Not just for the sake of buying time, but we feel much safer committing to something when we understand the problem and know if and how we can solve it. Commitments are often made too early, even before we understand the problem and whether we think we'll be able to solve it.

Takeaways:

  1. Discovery helps de-risking commitments

  2. Ask the customer to give us a little time to discover and investigate a potential solution

Step 2: Make a commitment

Once we identified a solution that will work for the customer & the business, we can now make an informed and high-integrity commitment about when we can deliver and what the expected business results will be.

Principles

Don’t make date-based commitments for regular product work

Committing to dates should only be done for high-integrity commitments, not for “regular” product work.

Why?

  • Building software takes time, it’s like running a marathon. There’s already enough pressure to deliver good software and there’s absolutely no value in adding deadlines.

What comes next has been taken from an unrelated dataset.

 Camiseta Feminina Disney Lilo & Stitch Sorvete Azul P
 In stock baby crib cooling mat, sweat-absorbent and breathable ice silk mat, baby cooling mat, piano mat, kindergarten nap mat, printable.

  • Regular product work follows a cadence of roughly 6 weeks where projects can either be of a small appetite (2 weeks) or big appetite (6 weeks). This means that at most, the release of something that is known we will deliver is a maximum of 2 or 6 weeks out. Those timelines should be short enough to give perspective without falling into the trap of “when is this exactly released?”.

  • Underpromise and overdeliver. If you have to say a project is 6 weeks out for release but then actually we release it 2 weeks early, then we are giving our customers a nice

But what should we do when a customer asks when a certain feature or project will be released (assuming it is in the current cycle)?

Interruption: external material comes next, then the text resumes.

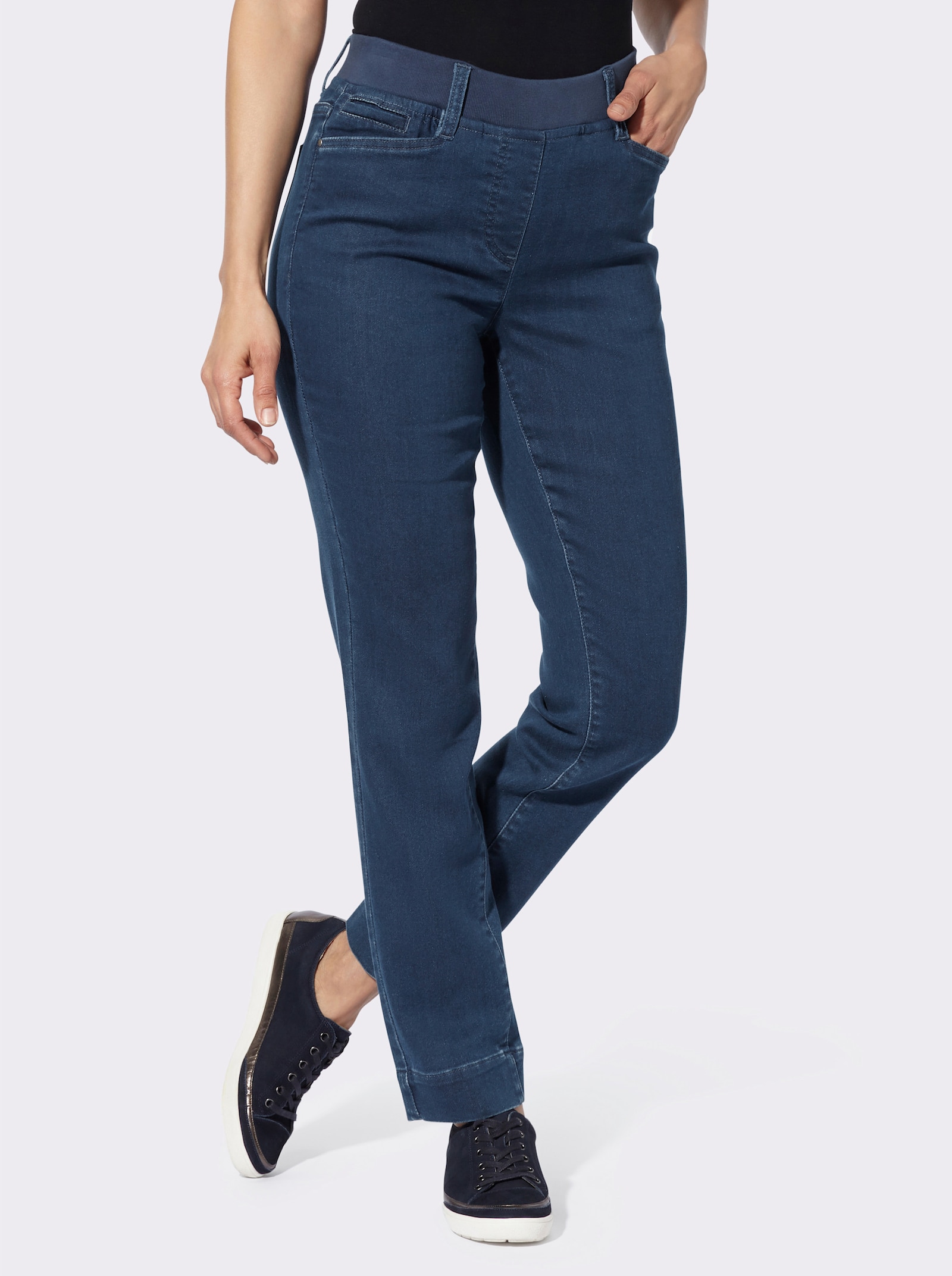 Schlupfjeans mit Ripp-Dehnbund - blue-stone-washed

  • We can tell them we expect it to be released by the end of the cycle and if appropriate, we can give some nuance about small & big appetite projects (2 vs. 6 weeks out).

  • We don’t say any dates or weeks but we can provide some directional guidance (eg: end of the Month, end of the quarter)

| Commitments are binary

We either deliver what we promised or we don’t. When a high-integrity commitment is made, we expect it to be delivered. At the first sign of trouble, we should raise the flag and inform the team.

Accountability & Alignment

Given the importance, nature, and impact on the team of high-integrity commitments, leadership (CEO, Head of Engineering, Head of Product) must personally agree to each high-integrity commitment because there’s a reputation at the line and maybe even more importantly, potentially a relationship with a customer/partner, or even legal consequences.

The exception and not the rule

High-integrity commitments should be the exception and not the rule. Otherwise, it’s a slippery slope and has the risk of becoming a roadmap in disguise - and even worse, is externally controlled .

Traps

Too many commitments

If we have too many of these date-driven commitments, it is probably a sign of more serious issues and then we should take a step back.

List of High-Integrity Commitments

We actively keep track of our High-Integrity commitments (internal only).

Why?

  • So we know how many High-Integrity Commitments we make.

  • These commitments and the corresponding trade-offs are visible to everyone in the company.

  • The decision to make (or not make) a High-Integrity commitment is documented & reasoned about in full transparency whereas previously it was often not known why certain things were done (or not done).